Fine Books & Manuscripts
Declaration of Independence. Washington, D.C.: engraved by W.J. Stone, .
Folio broadside, printed on rice paper, formerly folded and included in Peter Force's (1790-1868) American Archives, an accurate, actual-size facsimile of the original document, the plate produced by Stone in 1823, at which time it was published in an edition of 200 copies, appearing at that time with a different imprint; in this, the Force Declaration, the Stone imprint is in the bottom left quadrant, under the first column of signatures; this copy has old folds, some offsetting of the printed text, and a small stain in the left margin, touching one letter, small tear in the top quadrant center, where four folds intersect, and again near the bottom, in the center of John Hancock's signature, no loss of paper, could be repaired from the verso without loss, minor crinkling along the margins, 25 1/2 x 29 in.

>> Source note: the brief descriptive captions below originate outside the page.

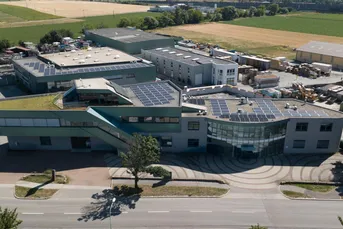 Gesamte Büroeinheit inkl. Skylounge und Terrasse – ca. 750 m² zur Alleinnutzung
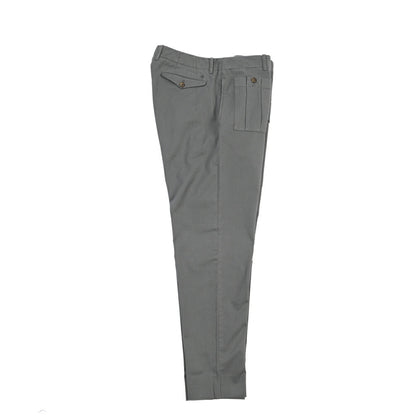 GTA “LORENZO DE” ストレッチコットン ノータックパンツ / COMFORT FIT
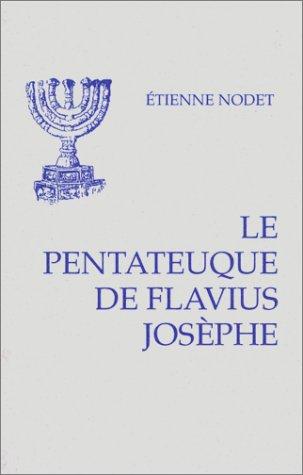 Cover for La Bible de Josèphe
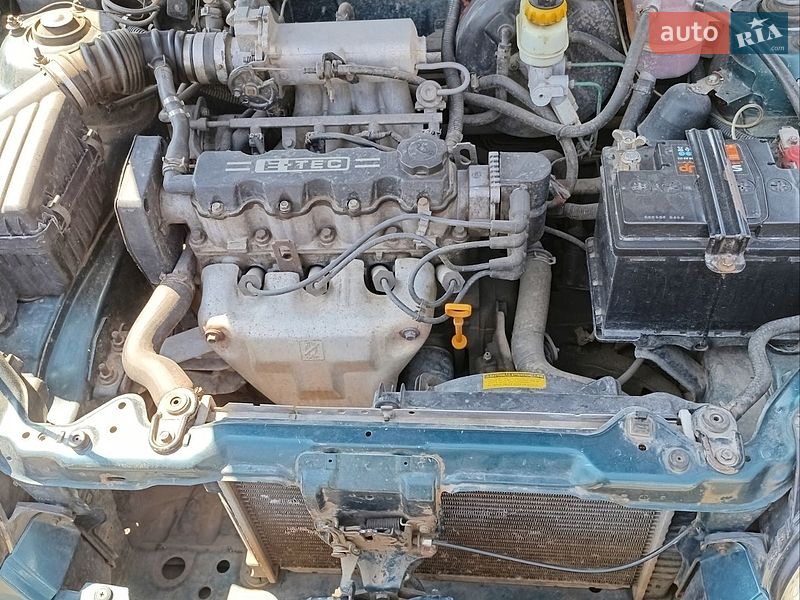 Седан Daewoo Lanos 2005 в Балаклее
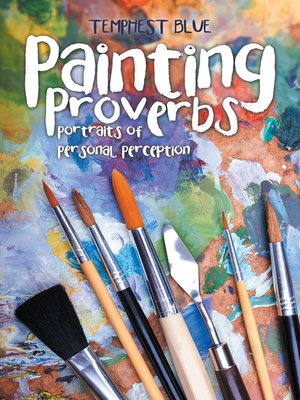 cover image of Painting Proverbs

In 1820, fearing the state of preservation of the original Declaration of Independence, Secretary of State John Quincy Adams commissioned the engraver William J. Stone to create a full-size facsimile. After three years of work on the plate, Congress ordered the publication of 200 copies on parchment. This edition was produced after Peter Force purchased the plate, with a plan to include a folded version in his publication, American Archives. Subscription orders proved disappointing and Force saw his project cancelled by Secretary of State William Marcy in 1853.